- Opening Delimiter -

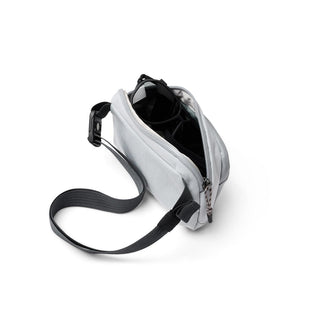 Bellroy Venture Hip Pack 1.5L in light gray with open main compartment and black adjustable strap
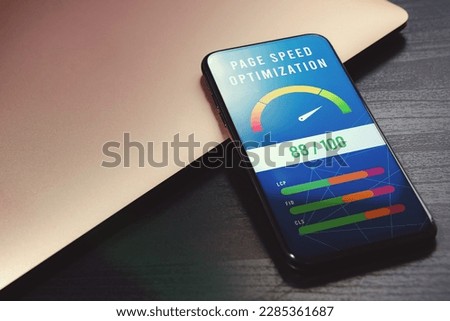 Boost mobile website performance with page speed optimization. High-value accelerometer on phone screen beside laptop on black wooden table for SEO digital marketing visuals Royalty-Free Stock Photo #2285361687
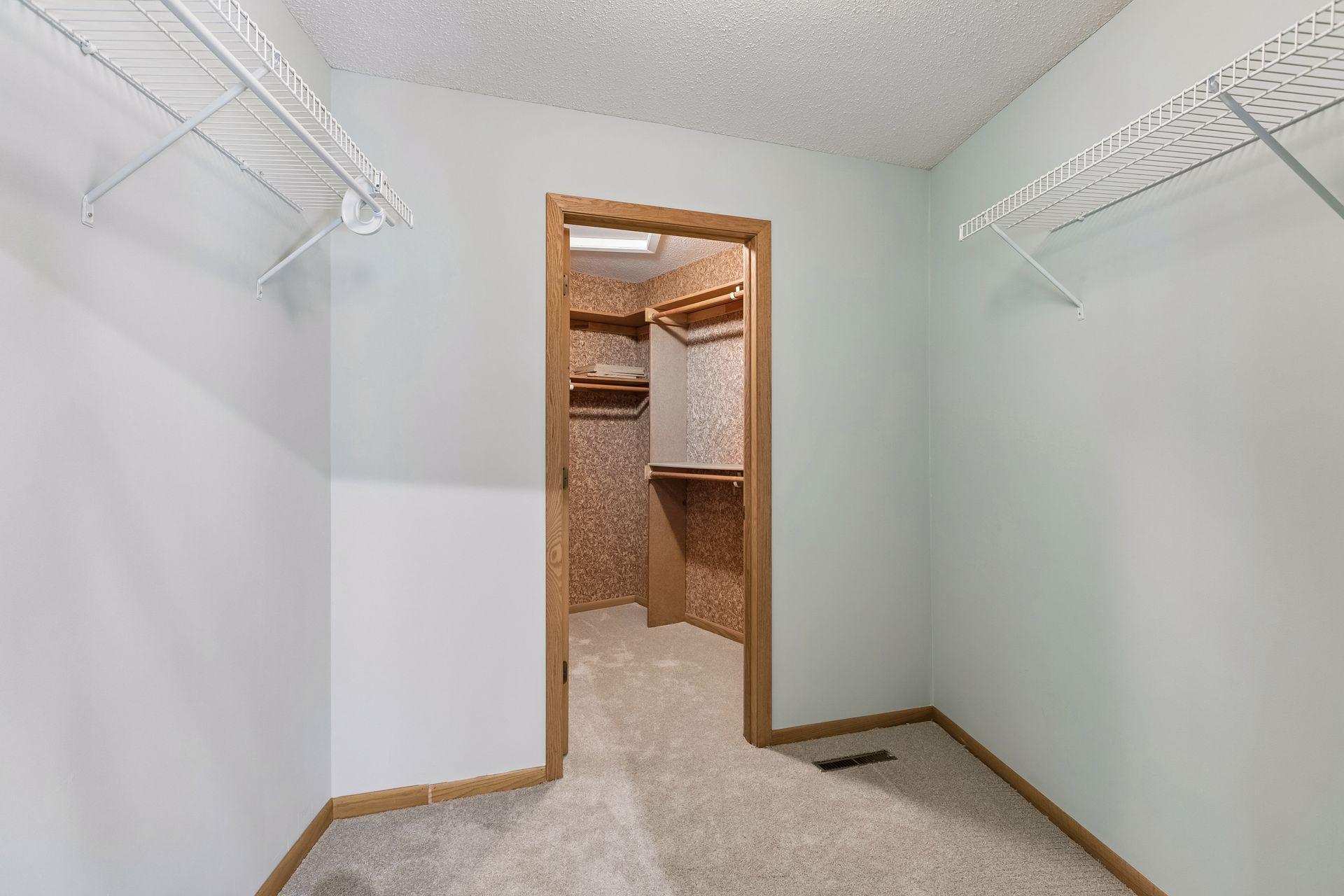 Generous walk-in closet with room to spare.
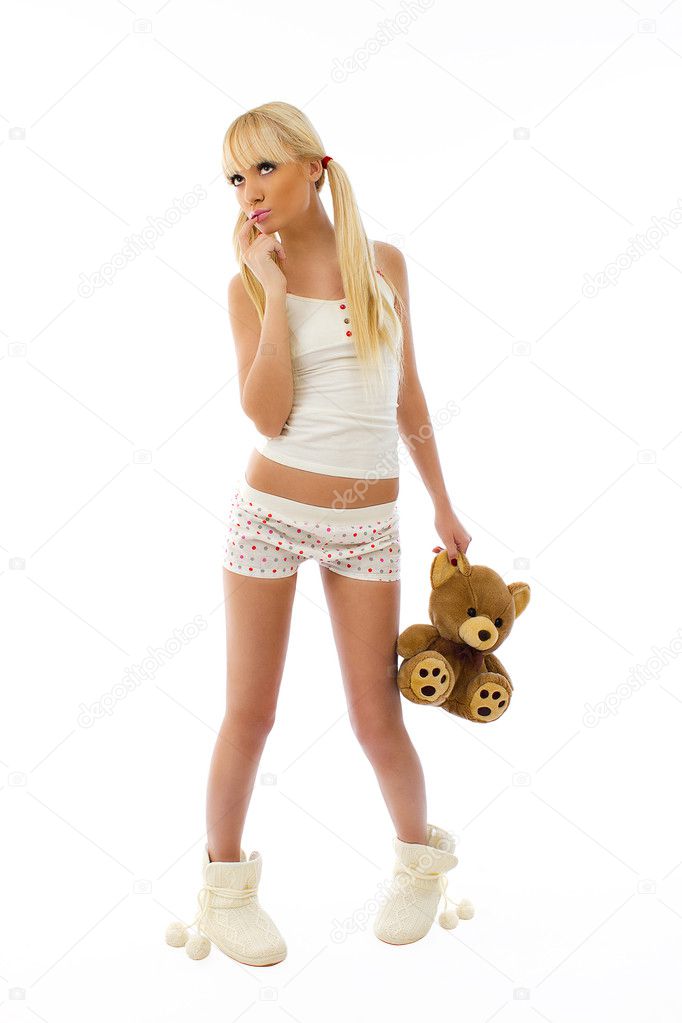 Beautiful cute blonde girl wearing pajamas holding a teddy bear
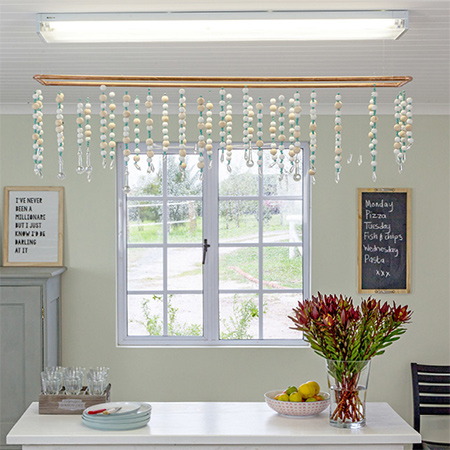 Here's how to turn an ordinary fluorescent lighting fitting into an eye-catching feature using affordable materials.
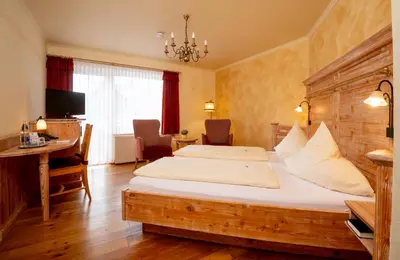 Ein Bett oder Betten in einem Zimmer der Unterkunft Harzhotel Zum Prinzen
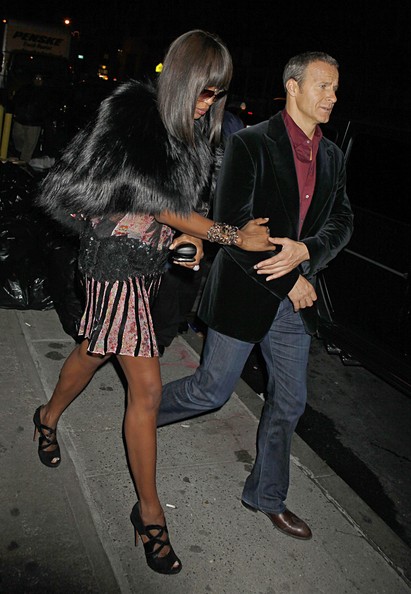 The supermodel wearing a black fox fur cape and the Russian boyfriend Vladislav Doronin in New York City.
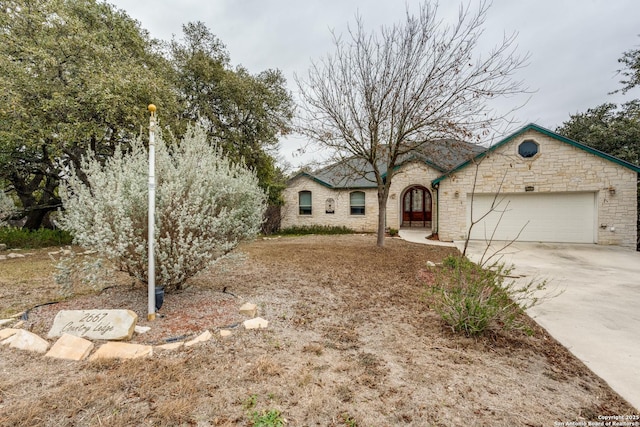 single story home with a garage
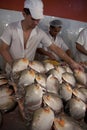 People cutting river fish in Amazon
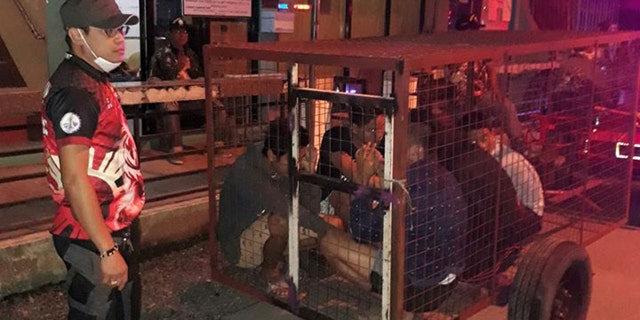 An official in Santa Cruz, the Philippines, is facing several charges after five curfew violators -- including two minors --- were put in a dog cage.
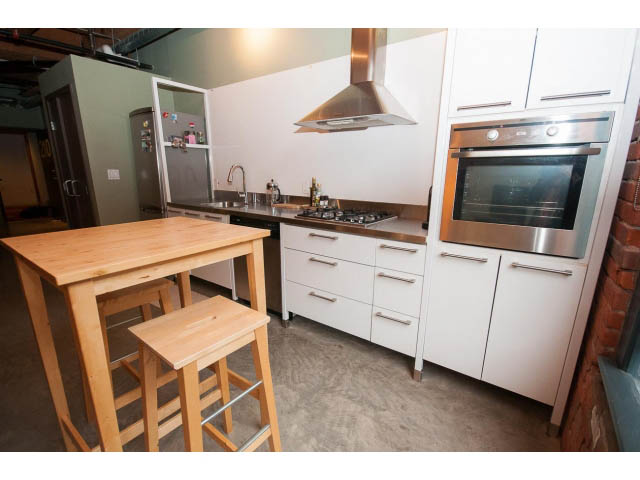 Bright kitchen with white cabinets, stainless steel appliances, and a wooden island. - 210 - 55 E Cordova St, Vancouver Downtown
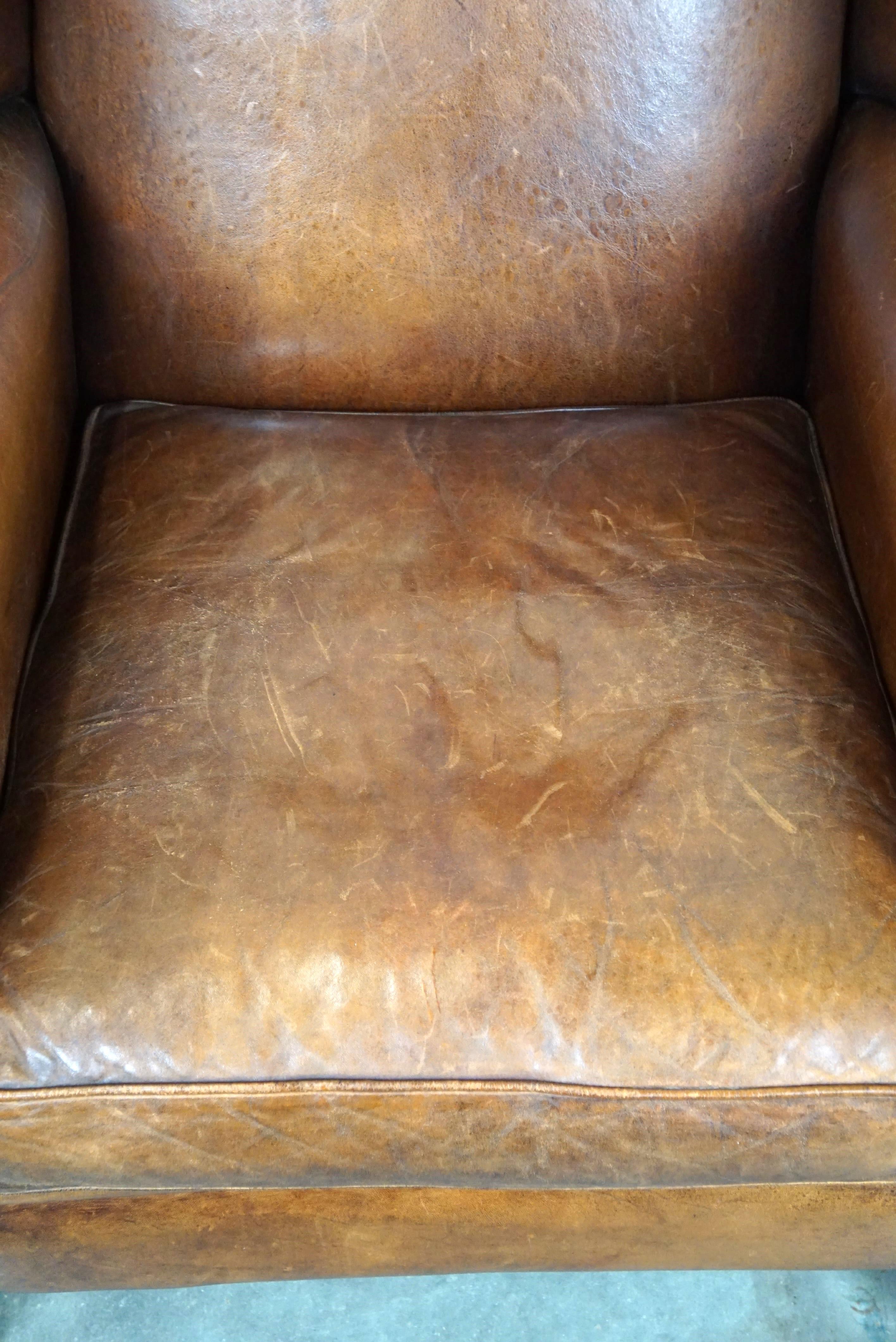 Bellissima e particolarmente confortevole sedia wingback in pelle di pecora in vendita 1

- Closing Delimiter -

§ **What is needed**
Copy exactly, without pictures, the lines above from the one with "Boost mobile website" down to the one with "Here's how to", inclusive.

§ **Final answer**
 Boost mobile website performance with page speed optimization. High-value accelerometer on phone screen beside laptop on black wooden table for SEO digital marketing visuals Royalty-Free Stock Photo #2285361687
 Generous walk-in closet with room to spare.
 Beautiful cute blonde girl wearing pajamas holding a teddy bear
 Here's how to turn an ordinary fluorescent lighting fitting into an eye-catching feature using affordable materials.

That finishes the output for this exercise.